What is the origin of ritual? I reply: man is born with desires. If his desires are not satisfied for him, he cannot but seek some means to satisfy them himself. If there are no limits and degrees to his seeking, then he will inevitably fall to wrangling with other men. From wrangling comes disorder and from disorder comes exhaustion. The ancient kings hated such disorder, and therefore they established ritual principles in order to curb it, to train men’s desires and to provide for their satisfaction. They saw to it that desires did not overextend the means for their satisfaction, and material goods did not fall short of what was desired. Thus both desires and goods were looked after and satisfied. This is the origin of rites. (89)

If the people have emotions of love and hatred, but no ways to express their joy or anger, then they will become disordered. Because the former kings hated such disorder, they reformed the actions of the people and created proper music for them, and as a result the world became obedient. (115)

Music and ritual, then, are the means by which emotions are channeled and expressed in appropriate ways. They take the urges that are going to arise in humans naturally, but they place boundaries and limits on them. He points in particular to the way that burial and mourning rituals function:

Rites trim away what is too long and stretch out what is too short; eliminate surplus and repair deficiency. Extend the forms of love and reverence, and step by step bring to fulfilment the beauties of proper conduct Beauty and ugliness, music and weeping, joy and sorrow are opposites, and yet rites make use of them all, bringing forth and employing each in its turn. (100)

So—rites and music don’t suppress feeling, they direct it. They guide it. Sometimes they may need to temper it, but Xunzi’s starting place is with humans as emotional animals whose responses and anti-social tendencies can be remedied by means of ritual patterns that can model and inculcate proper desires and proper social relationships.

3. Ritual is essential, but for ritual to be most effective requires teachers. 

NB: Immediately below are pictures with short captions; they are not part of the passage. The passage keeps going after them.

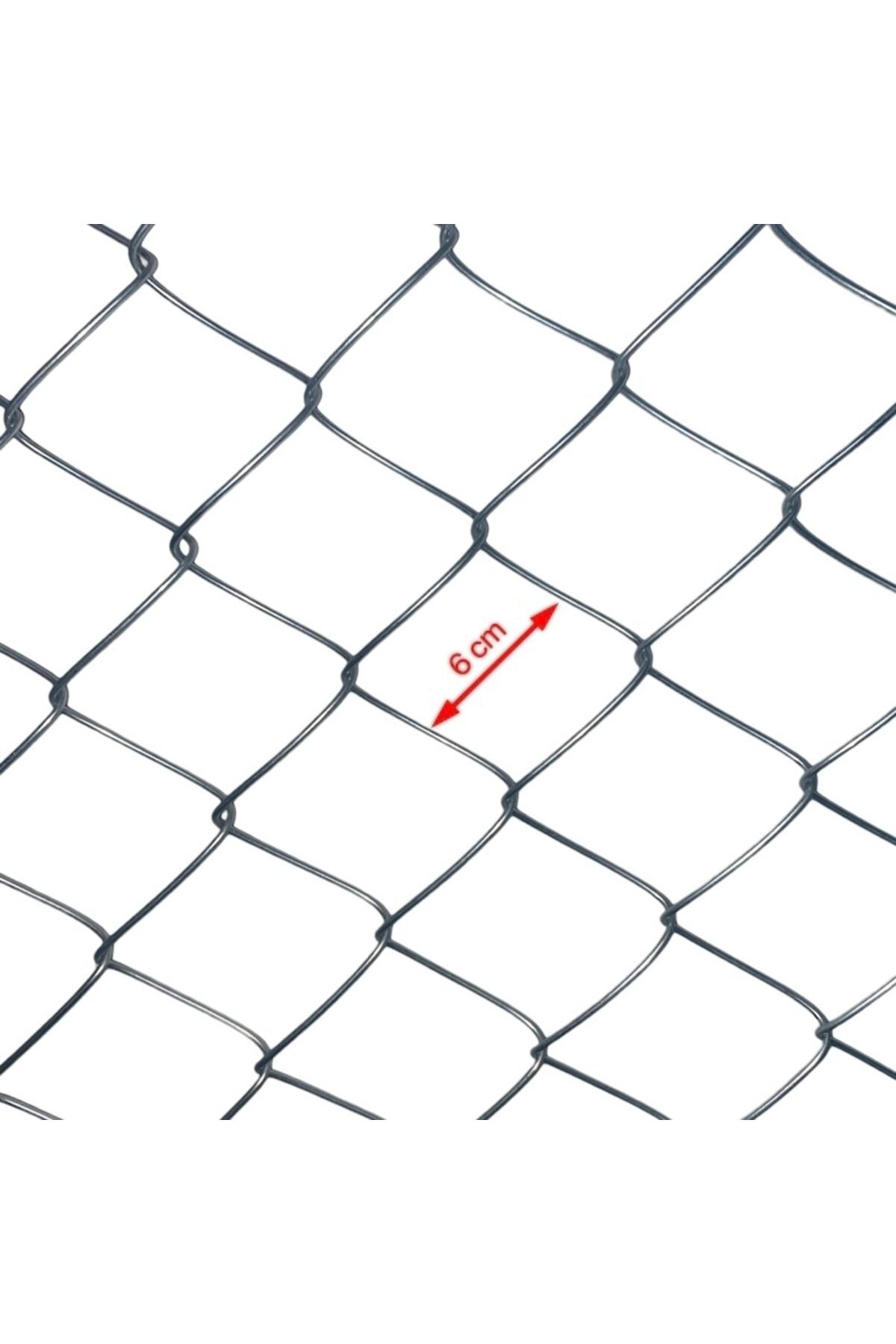 Cihan Çit Galvanizli Örgü Tel Bahçe Çiti - 2,50 Mm Kalınlık 60x60 Göz Aralığı H:150 Cm L:10 Metre 2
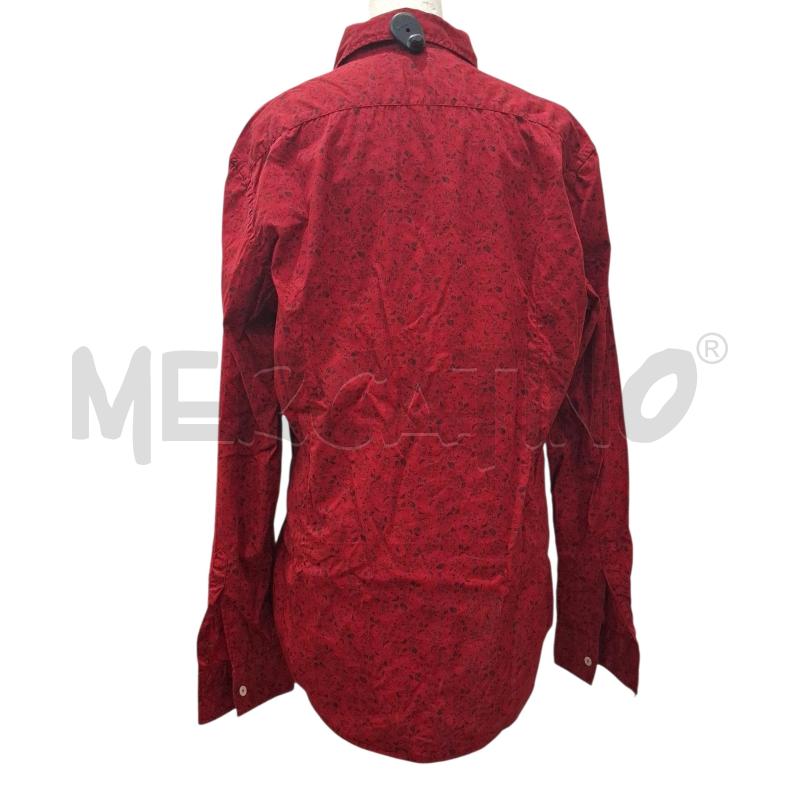 CAMICIA UOMO DANIELE ALESSANDRINI ROSSA FANT. FIORELLINI  | Mercatino dell'Usato Salerno fratte 2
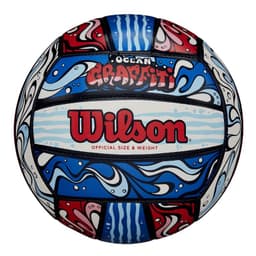 Balon Volleyball Ocean Graffiti Tamano 5 Azul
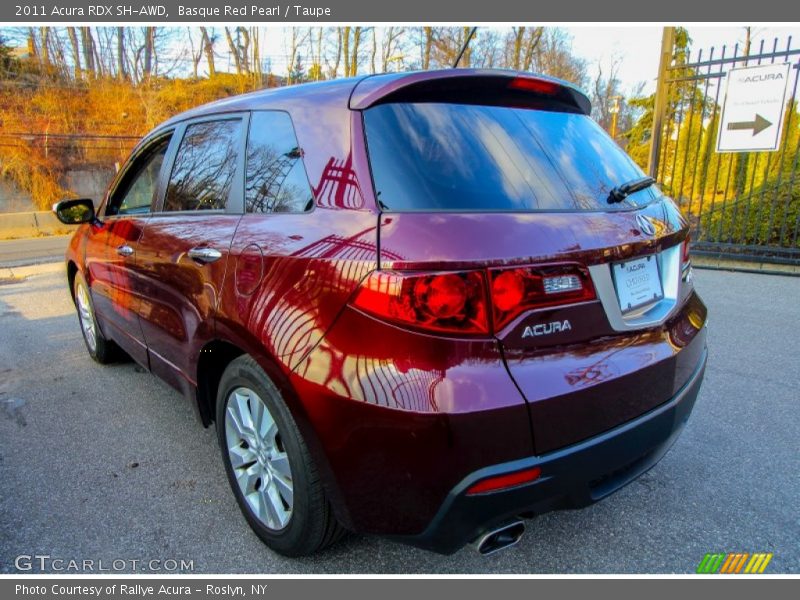 Basque Red Pearl / Taupe 2011 Acura RDX SH-AWD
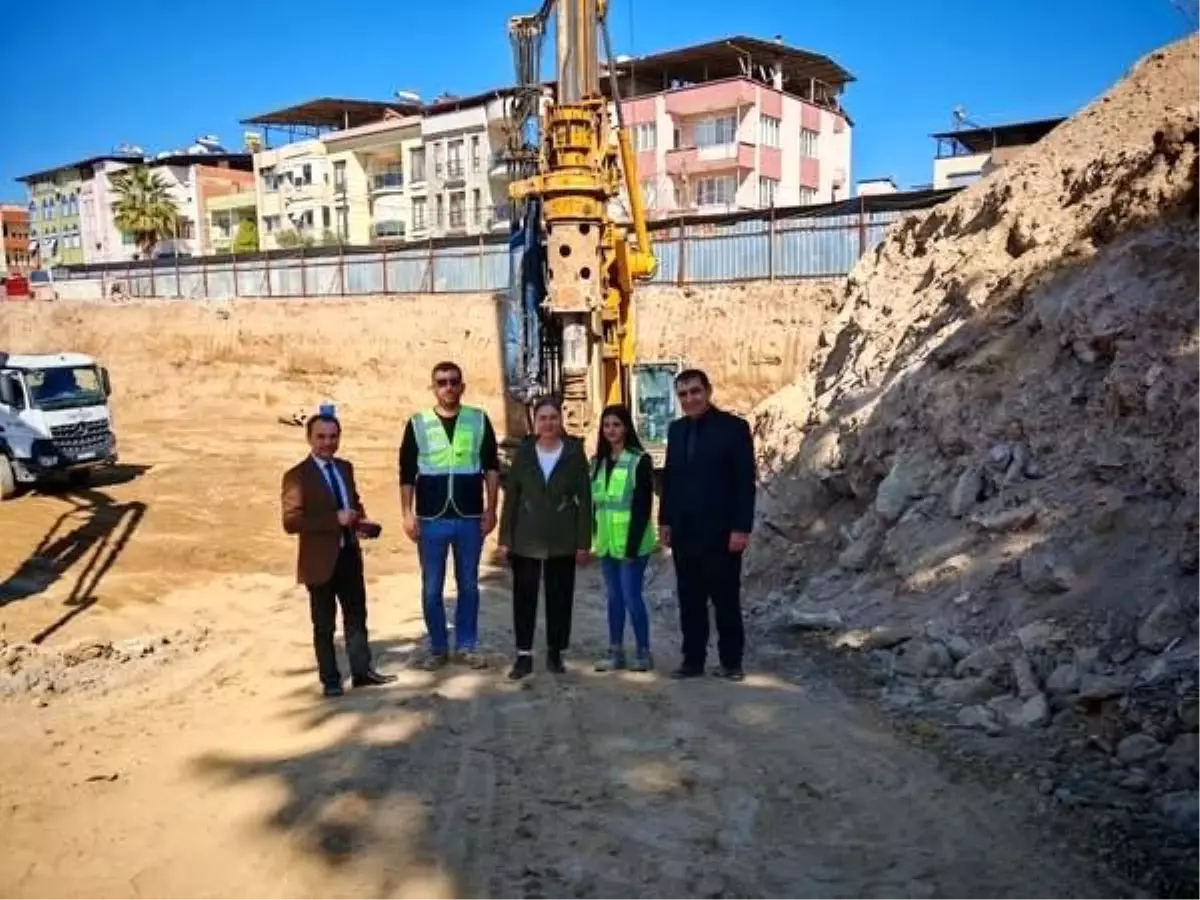 Kaymakam Küpeli Kan, Okul İnşaatını İnceledi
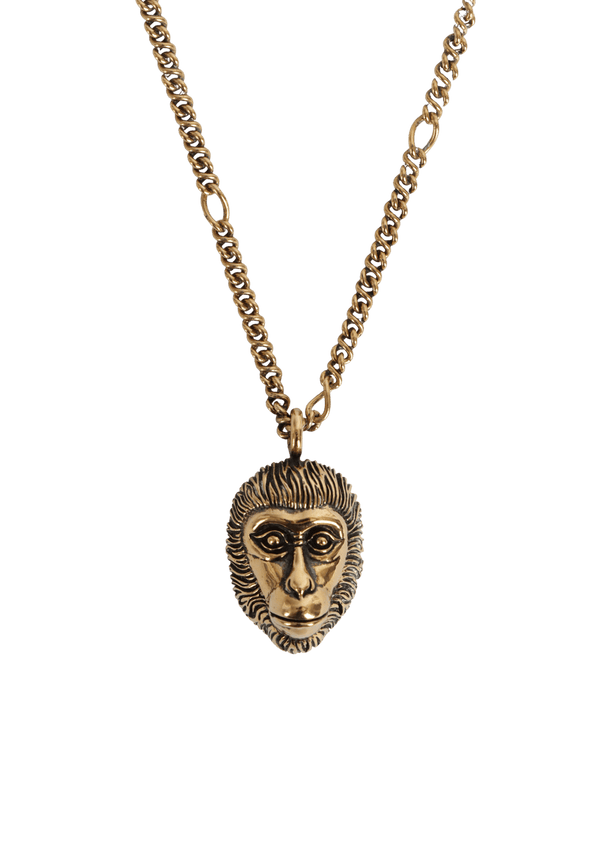 MONKEY HEAD PENDANT NECKLACE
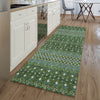 Piper Looms Mayfield Boho AMF708 Olive Machine Washable Area Rug Runner Lifestyle Image Feature
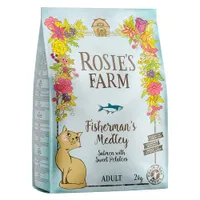 Rosie's Farm Adult Salmone con patate dolci Crocchette per gatti - Set %: 5 x 2 kg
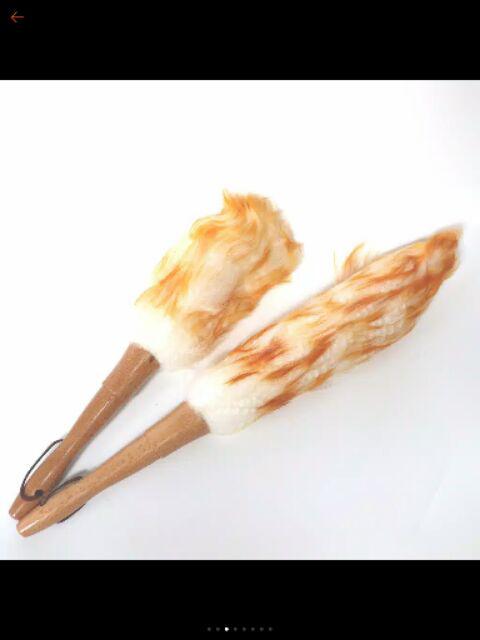 Tevo Tywool 36cm Wool Duster Impor Kualitas Tinggi Kemoceng Kemocing Bulu Domba Untuk Rumah & Mobil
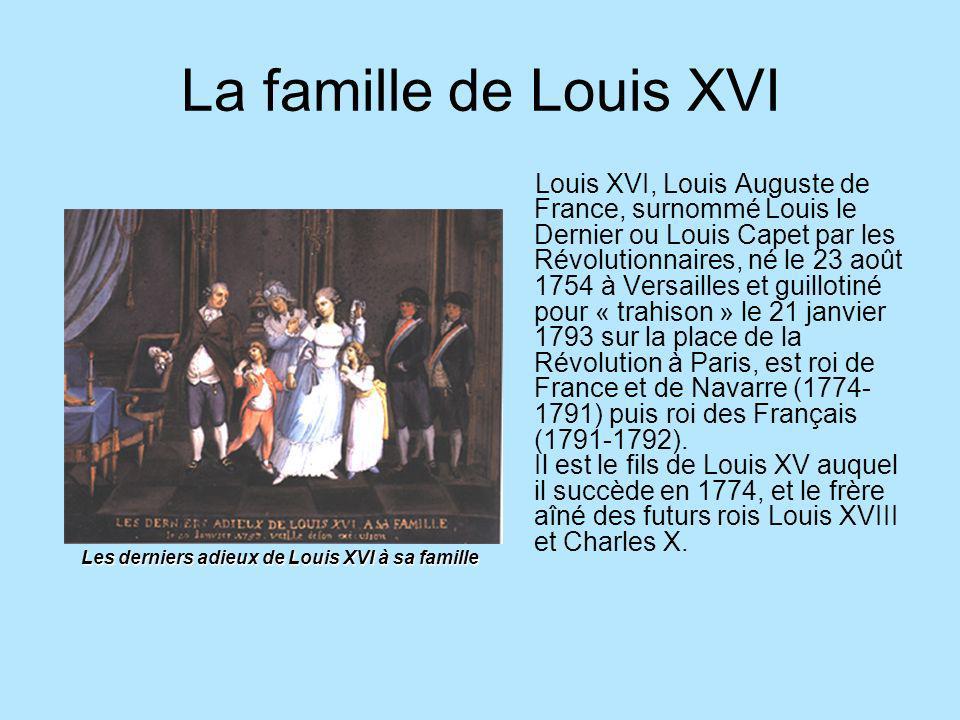La famille de Louis XVI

So—rites are essential. But, they are not self-evident. They can lead individuals in certain directions but are going to be less efficacious if they are not fully understood. You can’t just be self-reflective. You can’t look into yourself and figure out they are or aren’t working because the principles are external to you. You need a teacher to get the most out of them. Here’s the long version:

In learning, nothing is more profitable than to associate with those who are learned. Ritual and music present us with models but no explanations; the Odes and Documents deal with ancient matters and are not always pertinent; the Spring and Autumn Annals are terse and cannot be quickly understood. But if you make use of the erudition of others and the explanations of gentlemen, then you will become honored and may make your way anywhere in the world. Therefore I say that in learning nothing is more profitable than to associate with those who are learned, and of the roads to learning, none is quicker than to love such men. Second only to this is to honor ritual. If you are first of all unable to love such men and secondly are incapable of honoring ritual, then you will only | be learning a mass of jumbled facts, blindly following the Odes and Documents, and nothing more. In such a case you may study to the end of your days and you will never be anything but a vulgar pedant. If you want to become like the former kings and seek out benevolence and righteousness, then ritual is the very road by which you must travel. (20-21)

Learning by itself is no guarantee of virtue. You’ve got to have a teacher. Here’s the short version:

Ritual is the means by which to rectify yourself; the teacher is the means by which the ritual is rectified. If you are without ritual, how can you rectify yourself? If you have no teacher, how can you understand the fitness of ritual? If you unerringly do as ritual prescribes, it means that your emotions have found rest in ritual. If you speak as your teacher speaks, it means that your understanding has become like that of your teacher. If your emotions find rest in ritual and your understanding is like that of your teacher, then you have become like a sage. Hence to reject ritual is to be without law and to reject your teacher is to be without a guide. . . . Therefore learning means learning to regard ritual as your law. The teacher makes himself the standard of proper conduct and values that in himself which finds rest in ritual. (30)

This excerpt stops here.